The Weighted Average Cost of Capital is a key financial benchmark used in most organisations for strategic decision making. Common applications include capital allocation, project evaluation, performance measurement and impairment reviews. The Corporate Treasurer is well positioned to advise management on how best to use this key metric. Following these webinars, you will be equipped to use the Weighted Average Cost of Capital in a range of strategic applications.

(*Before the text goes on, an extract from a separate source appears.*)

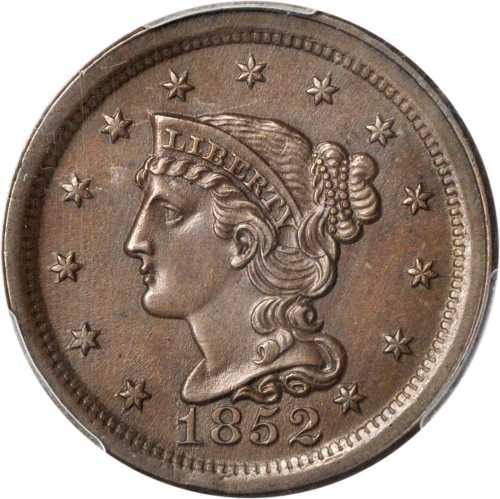 1852 Braided Hair Cent. N-1, 2. Rarity-1. AU-58 (PCGS).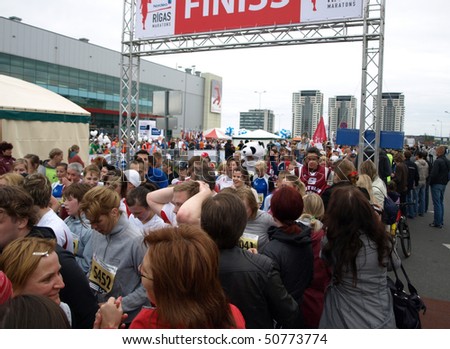 RIGA, LATVIA - MAY 17: Riga Marathon 2009 - Marathon finish line, May 17, 2009 in Riga, Latvia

In the first of two sessions on the Weighted Average Cost of Capital, we review the key applications of the Weighted Average Cost of Capital, and describe how to estimate the cost of capital for a range of applications. Topics covered include:
(i) review of the WACC formula and inputs, and sample calculation;
(ii) why we need WACC – review of applications for capital allocation, valuation, impairment testing, performance measurement, and regulatory pricing;
(iii) alternative roles of WACC – (a) cost of capital v hurdle rate (b) cost of capital and risk (c) company wide v divisional v project cost of capital (d) post tax and pre tax;
(iv) Sources of information for calculating WACC;
Issues in estimating WACC. This webinar will introduce these issues, which will be explored more thoroughly in the second webinar.
Tony Carlton, Associate Professor, Applied Finance Centre, Macquarie University
Tony manages the Corporate Finance stream in Macquarie University’s Master of Applied Finance. Tony presents elective subjects including Advanced Valuation, Capital Allocation Strategies and Corporate Financial Strategy.
Prior to joining Macquarie University, Tony had over 25 years’ experience in the manufacturing, resource and agricultural industries. Senior roles included Executive General Manager, Corporate Finance & Strategy, and Group Treasurer, at CSR. His experience includes all aspects of corporate finance and strategy, including project evaluation, strategic portfolio analysis, and the development and execution of growth strategies. He managed a number of large acquisitions and divestments both in Australia and overseas, and a number of large scale balance sheet restructurings.